I recently interviewed L.A. artist Brett Cody Rogers for Berlin based Freunde von Freunden. Ailine Liefeld photographed Brett's home and studio, while Brett and I talked about his studio practice, and his early days assisting, including a very interesting story Matthew Barney's Cremaster 3. Read the full interview, and see all the photographs here, on FvF.

"We met with Brett Cody Rogers in his Los Angeles home, in a neighborhood called Los Feliz that borders on Griffith Park. Inside his 1927 home, Brett’s walls are covered with art works (including his son’s room), and he led us around his home, upstairs and downstairs, explaining the stories behind each work. His wife was just leaving for work as we sat down with coffee and scones in his kitchen. I first learned about Brett Cody Roger’s work at a store in Los Angeles called South Willard. Ryan Conder, the owner, installed one of Brett’s painted geometric canvas mobiles from the ceiling. His later works continue to suggest forms of architectural reference, and his interest in modernism, while he moves painting to photography. Over conversation, Brett explained how the birth of his son 4 years ago changed his studio practice, “taking all the crisis out of art making.”

- David John for Freunde von Freunden





"When my son was born, everything changed as far as my work goes…within a year, my grandfather died. My son was named Van after him, it was a really strange time for me. Pretty much everything changed, but I think for the better. I had to re-evaluate what I was doing, and I went through 2 years of making work in nothing but black and white, which prior to that it was very colorful. And then I started making photographs again. It was something I could make an image fairly quickly with, and so the means as with which I was working, I was working with cheaper materials, faster processes, and just by doing that, I got more of a handle on the content. Whereas before I was relying very heavily on color, to do all the leg work in the painting.

So when my son was born, the whole thing opened me up pretty greatly. I think the biggest thing is that having a kid, it takes all the crisis out of art making. You know when you have too much time to think about yourself and your own troubles in the studio, and you worry about everything, worry about making the wrong move, and if a painting goes wrong and it’s like the end of the world. I had all these existential crises before I had a son, and from the moment he was born, it took all that out of art making, and it made it more enjoyable to make stuff, because you just have less time. You just go in and out, you have to go in, and work, and then you turn your back on the work, you run out the door, to go pick him up at school, you don’t look back, you don’t think about what went wrong that day, or if you made something good or bad, or whatever, you just made stuff and you just deal with it later, which is really great.

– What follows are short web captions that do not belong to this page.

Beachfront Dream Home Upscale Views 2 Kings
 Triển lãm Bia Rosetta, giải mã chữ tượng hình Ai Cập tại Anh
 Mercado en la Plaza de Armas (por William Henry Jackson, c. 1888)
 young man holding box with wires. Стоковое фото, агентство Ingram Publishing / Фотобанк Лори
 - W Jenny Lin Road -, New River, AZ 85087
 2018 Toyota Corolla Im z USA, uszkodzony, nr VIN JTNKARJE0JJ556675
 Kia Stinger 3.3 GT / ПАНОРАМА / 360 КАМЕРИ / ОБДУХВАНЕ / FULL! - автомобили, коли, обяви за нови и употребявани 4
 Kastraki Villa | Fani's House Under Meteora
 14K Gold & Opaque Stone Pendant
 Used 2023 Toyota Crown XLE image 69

Living Room: Brett Cody Roger's "Painterʼs Forms", 2011, C-print, brass frame




Entryway: drawing by Ricky Swallow in the entryway



I notice a lot of familiar artists in your home. Can you talk about some of the work that is here?


Brett: Sure, they are mostly friends’ works, given to us as gifts, or as trades. There are some of Ricky Swallow’s pieces, some ceramics, a bronze whale that he made, and he made this watercolor for my wife for her birthday, it’s of two dead fish, and there is another drawing by the entry way, and it’s a skull sitting on top of a tophat, with some barnacles next to it. This is from Lesley Vance from 2007, Jed Lind, Bari Ziperstein, Violet Hopkins, this one is from Bara (Hans-Peter) from Berlin, another German painter named Klaus Merkel. He was an early influence and mentor to me.



Go to Brett Cody Roger's site here.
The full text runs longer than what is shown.